FIG. 2 depicts a laser ultrasonic physical characteristic detection process. The process may be implemented after completion of a solid deposit layer 10, in which case a wave generating laser 40 emits a wave generating laser beam 42 that is directed toward a surface 44 of a most recently formed solid deposit layer 46. Alternately, or in addition, the process may be implemented during formation of the solid deposit layer 10. In this exemplary embodiment the wave-generating laser 40 emits the wave-generating laser beam 42 toward the surface 44 of the solid deposit, which is the solid portion of the partially formed solid deposit layer 10. The process is generally described herein with respect to a solid deposit layer 10, but the principles are understood as being applicable to the solidified portion (e.g. the solid deposit) of a forming solid deposit layer 10.
The wave-generating laser 40 may be located remote from the surface (i.e. not in contact with the surface 44) during this process. When the wave-generating laser beam 42 contacts the surface 44 ultrasonic energy waves 48 are generated. These ultrasonic energy waves 50 propagate through the most recently formed solid deposit layer 46 and may reflect of any number of features. These features include an interface 52 such as the interface 52 between the most recently formed solid deposit layer 46 and an adjacent underlying deposit layer 54, a bottom surface 56 of the stack 22, or a defect 58 such as a void or a crack. Upon encountering these features the ultrasonic energy waves 48 may be reflected, thereby creating reflected ultrasonic energy waves 60. The reflected ultrasonic energy waves 60 propagate through the stack 22 until eventually reaching the surface 44. A wave-detecting laser 70 generates a wave-detecting laser beam 72 that is directed toward the surface 44 and reflected back toward the wave-detecting laser 70, carrying with it information about the reflected ultrasonic energy waves 60. Alternately, some of the ultrasonic energy waves 50 may travel unobstructed through the most recently formed solid deposit layer 46 until being detected by the wave-detecting laser 70. Consequently, propagated energy waves 62 detected by the wave-detecting laser 70 may include unobstructed ultrasonic energy waves 50 and/or reflected ultrasonic energy waves 60.

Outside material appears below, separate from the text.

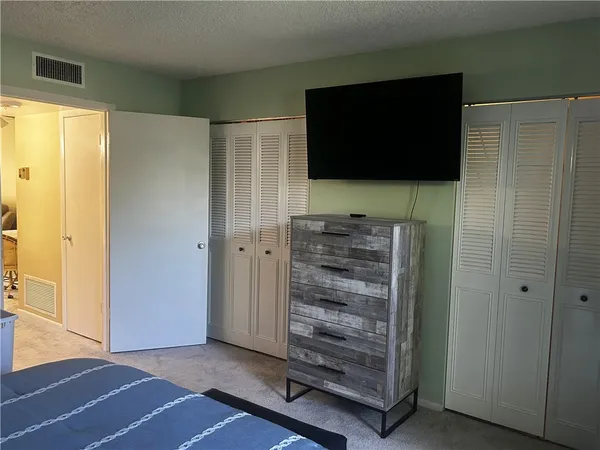 $1,300 | 15 Vista Gdns Trail, Unit 104, Vero Beach, FL 32962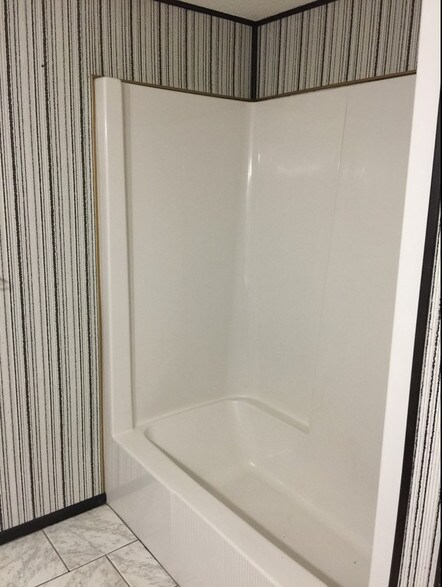 More Photos Of 505 Cherokee St, Leavenworth Loft Creative Space For Sale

In an exemplary embodiment the heating laser 14, the wave-generating laser 40, and the wave-detecting laser 70 may be separate lasers. Alternately, a single laser may be any two or all three of the lasers 14, 40, 70. For example, a single laser may be used to process the powder 18 and then to ping the surface 44 to generate the ultrasonic energy waves 50. That same single laser may also be used to detect the propagated energy waves 62, or a separate laser may be used to detect the propagated energy waves 62. When detecting the propagated waves the wave-detecting laser 70 may be used in conjunction with, for example, an interferometer, as is known in the art.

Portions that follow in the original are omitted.